Image-caption web data:
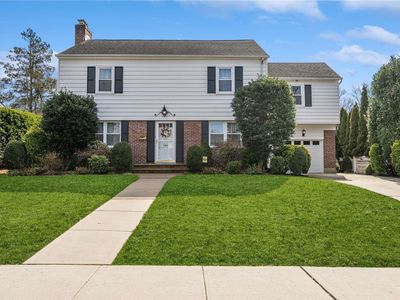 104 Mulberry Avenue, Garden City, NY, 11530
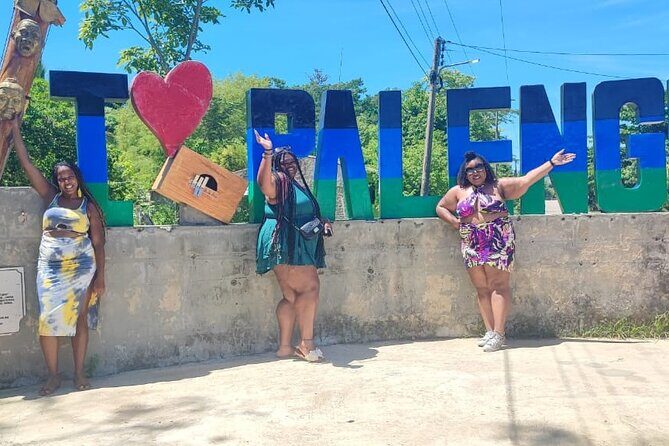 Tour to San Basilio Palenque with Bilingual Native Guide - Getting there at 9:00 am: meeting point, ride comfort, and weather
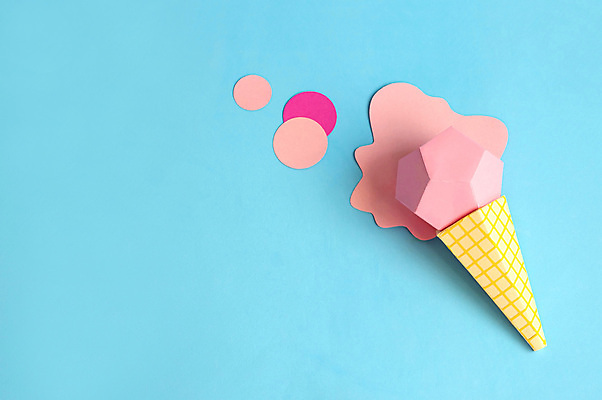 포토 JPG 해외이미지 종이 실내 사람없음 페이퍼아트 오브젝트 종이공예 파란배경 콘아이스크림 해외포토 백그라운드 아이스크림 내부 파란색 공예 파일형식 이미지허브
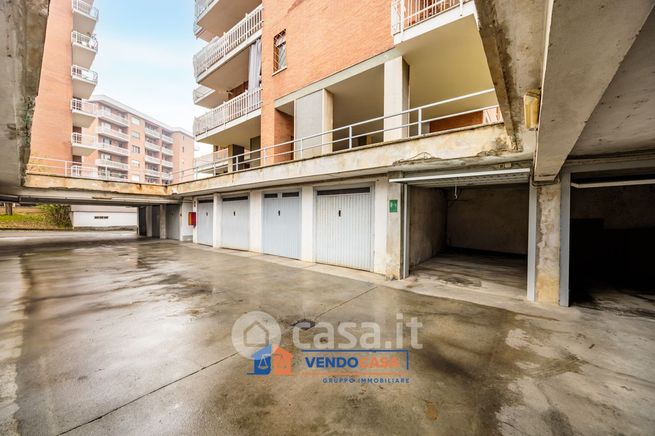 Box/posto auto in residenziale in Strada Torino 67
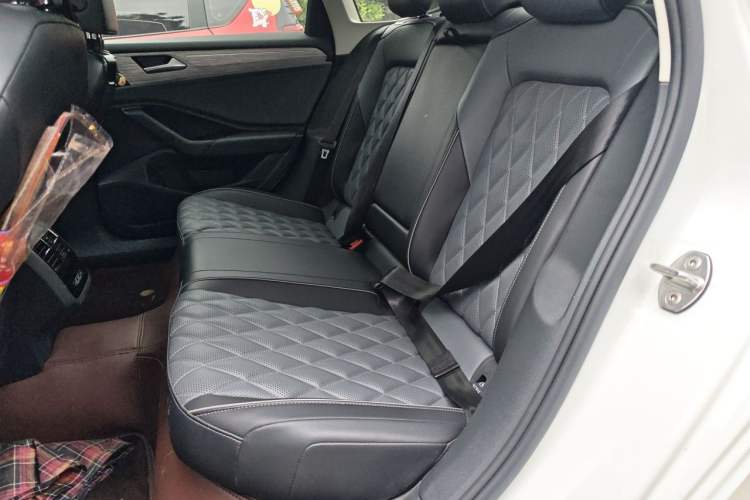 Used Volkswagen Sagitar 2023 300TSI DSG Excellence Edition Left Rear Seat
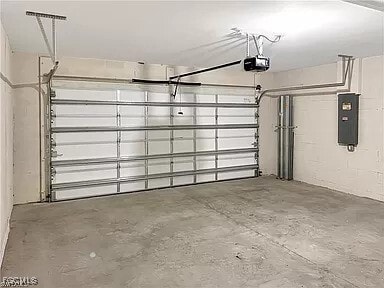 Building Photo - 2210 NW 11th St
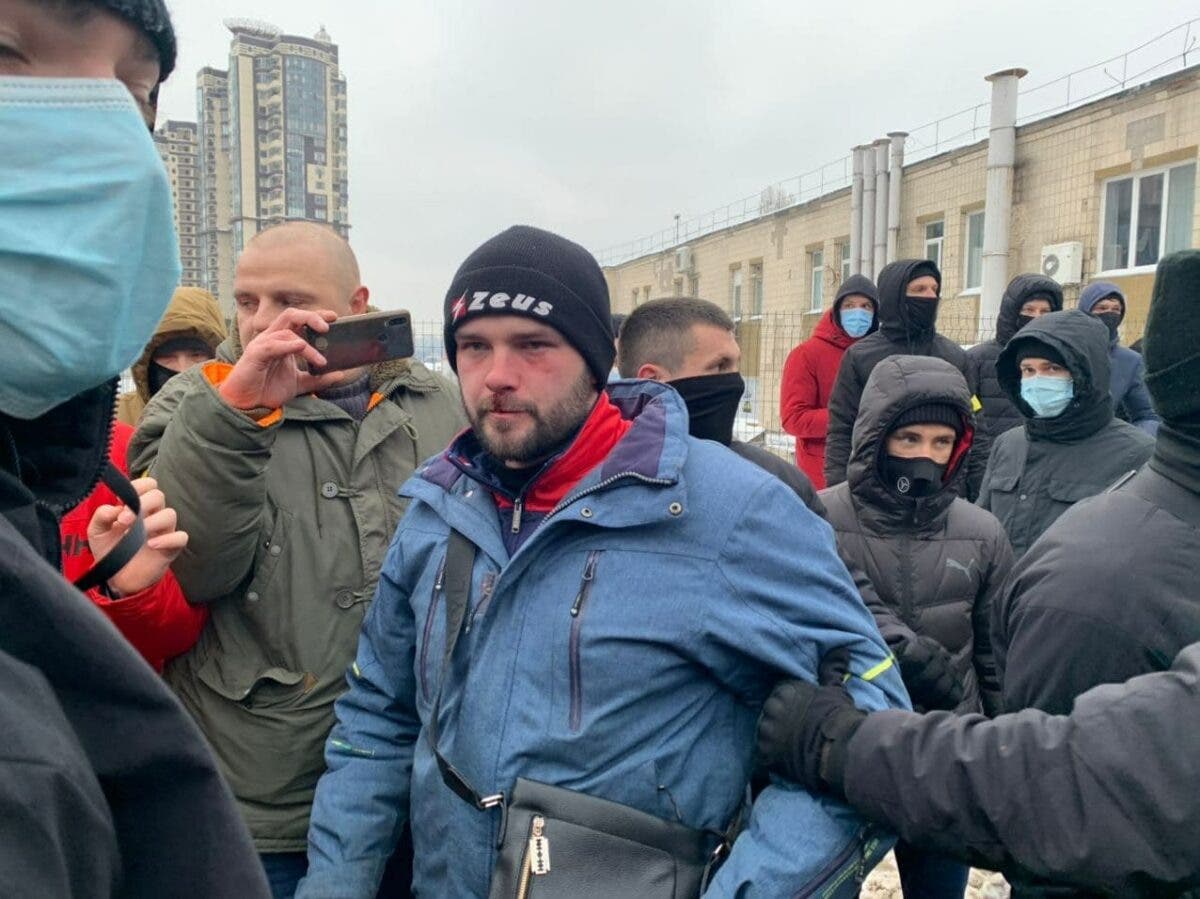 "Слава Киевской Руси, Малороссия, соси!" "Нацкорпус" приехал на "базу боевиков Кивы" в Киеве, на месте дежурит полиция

Assigned task:
From the first line of the entries above through the line with "포토 JPG 해외이미지", set down each line exactly and drop the pictures.

Response below:
 104 Mulberry Avenue, Garden City, NY, 11530
 Tour to San Basilio Palenque with Bilingual Native Guide - Getting there at 9:00 am: meeting point, ride comfort, and weather
 포토 JPG 해외이미지 종이 실내 사람없음 페이퍼아트 오브젝트 종이공예 파란배경 콘아이스크림 해외포토 백그라운드 아이스크림 내부 파란색 공예 파일형식 이미지허브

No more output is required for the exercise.